8) Apple’s iPhone X advert at The Hermitage

Ah, who knew an advert would play such an important part in my year. I actually am one of those people who enjoy TV adverts: the ludicrous fantasies of high-end perfume, the terrible, expensive sofas at DFS. An oven chip advert about family made me cry once. Yet this advert was not your usual one. It was five hours long, a slow-paced art house film with minimal dialogue, all shot on iPhone X, filmed in The Hermitage in St Petersburg. Each Tuesday in the spring, my friend Jane and I sat down, started a phone call and pressed play on YouTube together as we watched an installment. We discussed the paintings, the dancers, the architecture, the narratives, and sometimes, we just talked over the film about life. It was as close as I came to the real experience of trawling through a major museum while on holiday and I looked forward to it every Tuesday for over a month. I’ve written a longer piece which has a link to the advert here.

7) A specific frame in The Wallace Collection

From my trip to The Wallace Collection in the summer, one object is thoroughly wedged in my mind: the frame of Ary Scheffer’s Francesca da Rimini (1835). The painting itself is very dramatic, it depicts a scene from Dante’s Inferno, with the tragic figures of Francesca and her lover Paolo condemned with the souls of the lustful to the second circle of hell. The frame completely wowed me, I think it’s one of the largest frames I’ve ever seen. You can see a book in the bottom right corner, there are doves, chains, oak leaves and a scroll which incorporates elements of Dante’s text. It was created by a certain Félicie de Faveau for the painting’s third owner, Anatole Demidoff, Prince of San Donato, who owned the painting from 1853-70.

Ary Scheffer’s ‘Francesca da Rimini’ in the Wallace Collection

6) Graveyards of Edinburgh

Edinburgh is one of the greenest cities in the UK and I recognise my privilege in experiencing lockdown here for that very reason. Exploring the city’s open spaces has led me to encounter several of Edinburgh’s old graveyards for the first time this year. Being a fan of the Romantics, the more dilapidated and ivy-covered the angels, skulls and crossbones and shrouded urns, the better. Perhaps it seems morbid, but I’ve always found these places peaceful and interesting, and as someone who doesn’t believe in life after death, seeing nature flourish in these places has always been reassuring. Warriston Cemetery, Greyfriars Kirkyard, Dean Cemetery and Dalry Cemetery are some places I’ve found solace this year, as well a place to appreciate the art and symbolism in the carvings, sculptures and iconography.

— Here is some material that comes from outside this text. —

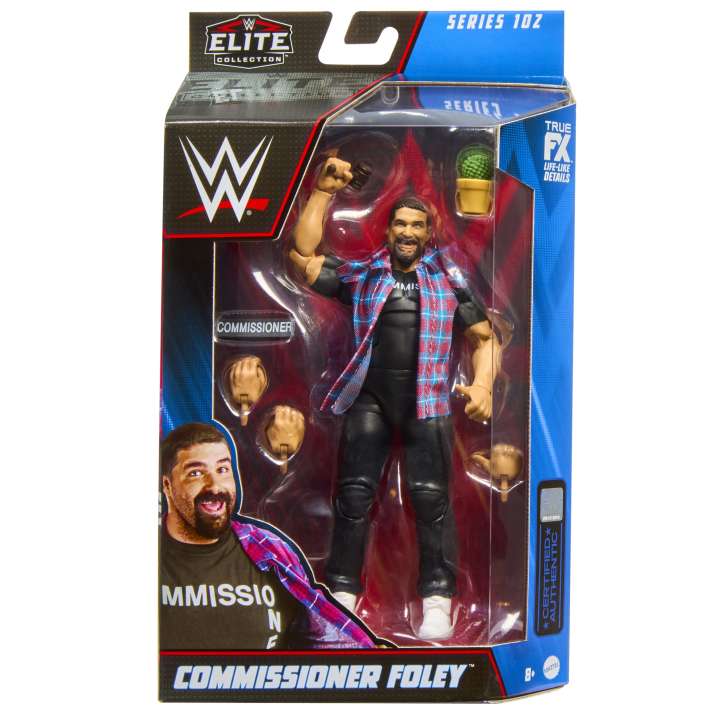 WWE Elite Commissioner Foley Action Figure - Collectible Wrestling Toy for Fans & Kids - Perfect for Display, Play & WWE Themed Parties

A grave with ivy, Warriston Cemetery

5) Andy Goldsworthy’s Stone Coppice at Jupiter Artland

Jupiter Artland – I visited at last! Cycling with my sister out to Wilkieston on the canal path, this was one of the most perfect art afternoons of the year. We walked around the whole thing slowly, soaking it all up, and got a seat in the café just as the rain came down. I love so many of the artworks here, but my top one for this list is Stone Coppice by Andy Goldsworthy. You stumble upon this artwork in one of the more unkempt pockets of the sculpture park, you might not even know it was there at first. It’s the perfect balancing act: the way the trees delicately hold the rocks, how some seem composed in a tender embrace, how others seem crushed by the branches or vice versa. The artist’s positioning of the natural matter, which is then left to its own devices to grow and unfold over the years, is poetic.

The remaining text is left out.